I had a chance to look briefly at the Ruscico DVDs I ordered. In general, I am not disappointed with the quality of the discs, although the quality of the individual titles varies quite a bit.

The best looking one of the batch is definitely THE COMMISAR -- very sharp and clean image for a film of the late 60s. REPENTANCE and DESTINY OF A MAN come in second. DESTINY OF A MAN reminds of Chukrai's BALLAD OF A SOLDIER both in content of course, but also in the quality of the image.

RUSLAN AND LUDMILA and WAR AND PEACE both are fine, but somehow the image on these discs seem a little muted. If one is interested in the films, I see no reason not to go with these editions. If one is a die hard technical person, I can see how they may disappoint.

THE 41ST is an early 50s color film and looks it. Again, the film looked really exciting to me, but the colors of the DVD looked rather faded in places (again, this is based on just a brief random look at the disc).

MOSCOW DOES NOT BELIEVE IN TEARS I watched in its entirety, and the image on this disc is clean, while the colors again are subdued. However, the film can best be described as social-realist, and strong colors appear to have been avoided altogether in the making of the film.
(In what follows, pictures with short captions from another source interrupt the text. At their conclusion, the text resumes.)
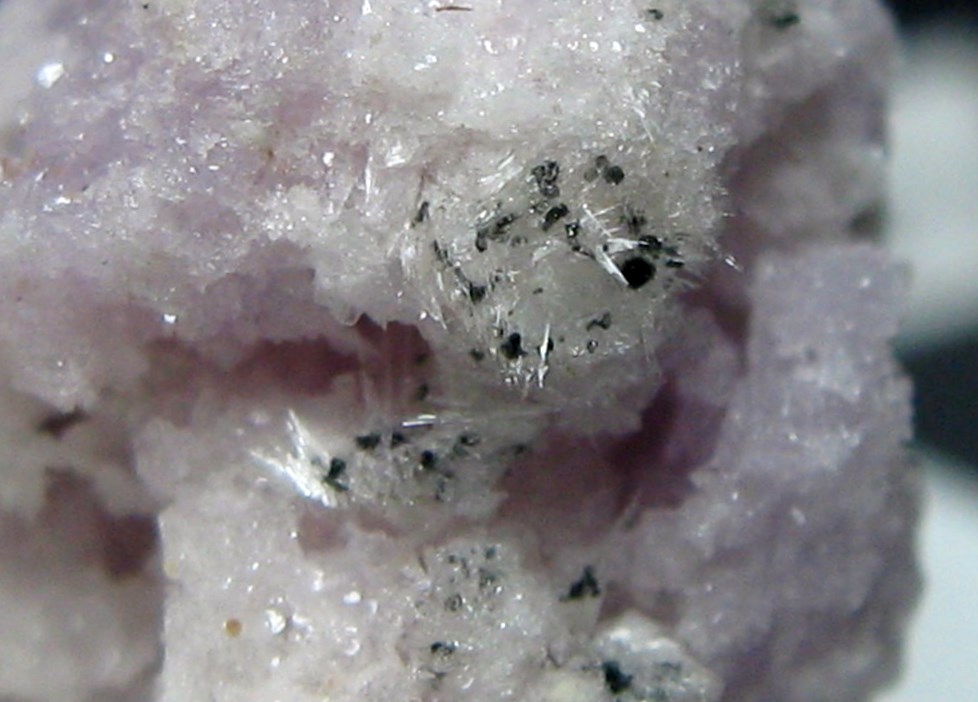 Aluminocoquimbite
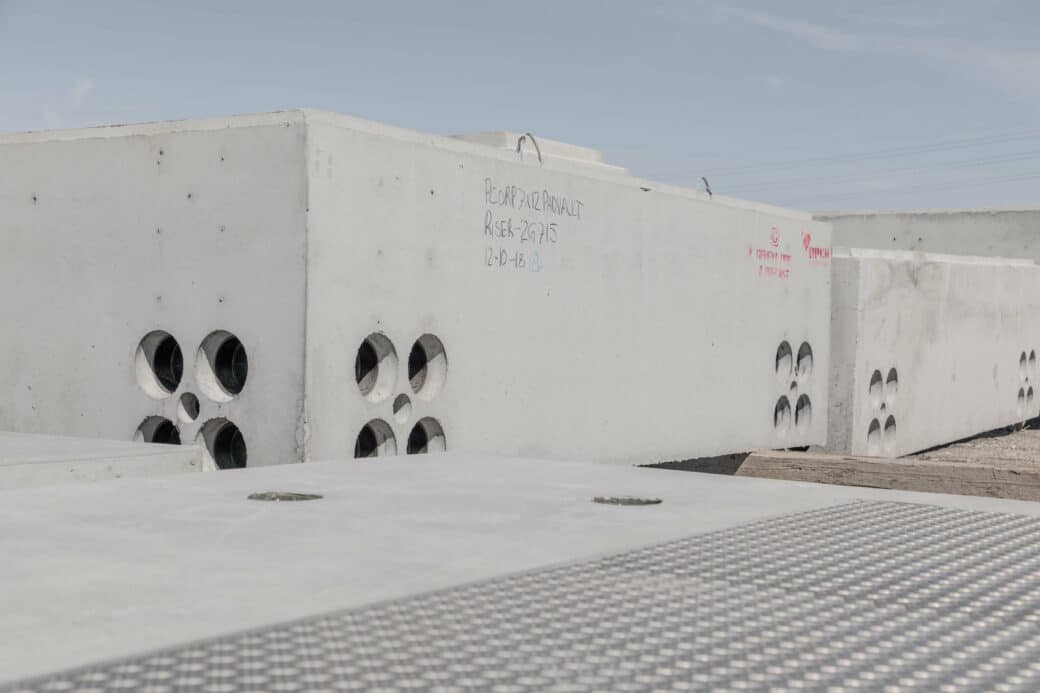 products rcp and precast vaults grey boxes with holes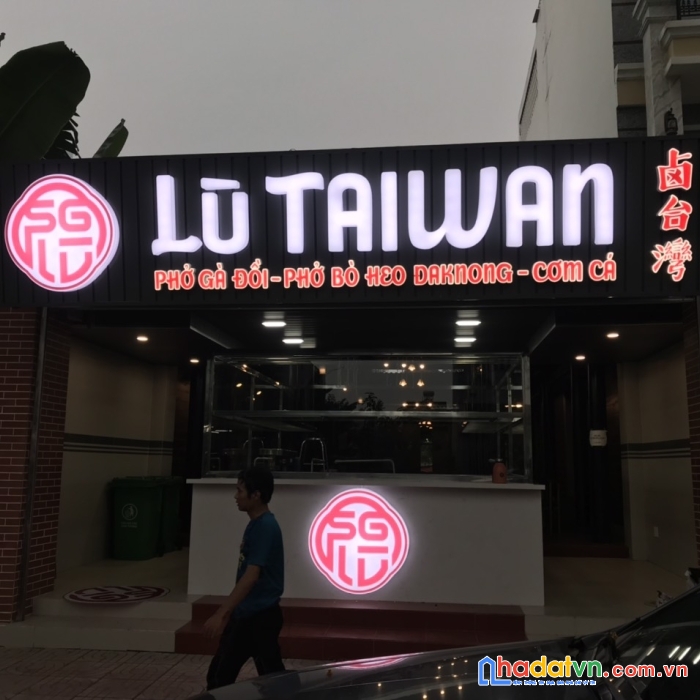 Chuyên thi công bảng hiệu giá tốt chuyên nghiệp tại thành phố hồ chí minh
There is in my view no reason not to go with this edition, if one is interested and determined to watch this key film of the late Soviet period.

The film is in two parts, the first depicting the life of three young girls from the country, who have settled in Moscow at the end of the 50s to pursue education and marriage. The second part picks up twenty years later, and shows the mature life of the three women. It is not a film that is concerned with making big statements about the social and political state of the nation as such, rather it focuses on the commonplace events in the lives of its characters.

As a slice of life made and set during the days before the end of Communicism in Russia (USSR), I found the film really interesting. Growing up in the '70s and '80s, I had a very strong image of the Soviet Union as a deeply depressed place, where people had no freedom and really no individuality. Without painting a rosy image of life in the Soviet Union, the film to a large extent deflates this image. The characters in the film are shown to live through all the same situations, and to face all the same questions, as people in the West. Mainly, the differences between East and West are in the details -- the cars that we see are of course not the same as were seen in the streets of Western Europe or the United States at the time, the supermarket that is seen at one point carries none of the brands or colorful packaging of a Western store, and the apartments of the characters are more rustic and "old-fashioned." Also (as mentioned earlier), the palette of colors somehow seems much more limited than in the West -- this could just be a formal decision, but there is nothing about the film that really suggests that this should be so.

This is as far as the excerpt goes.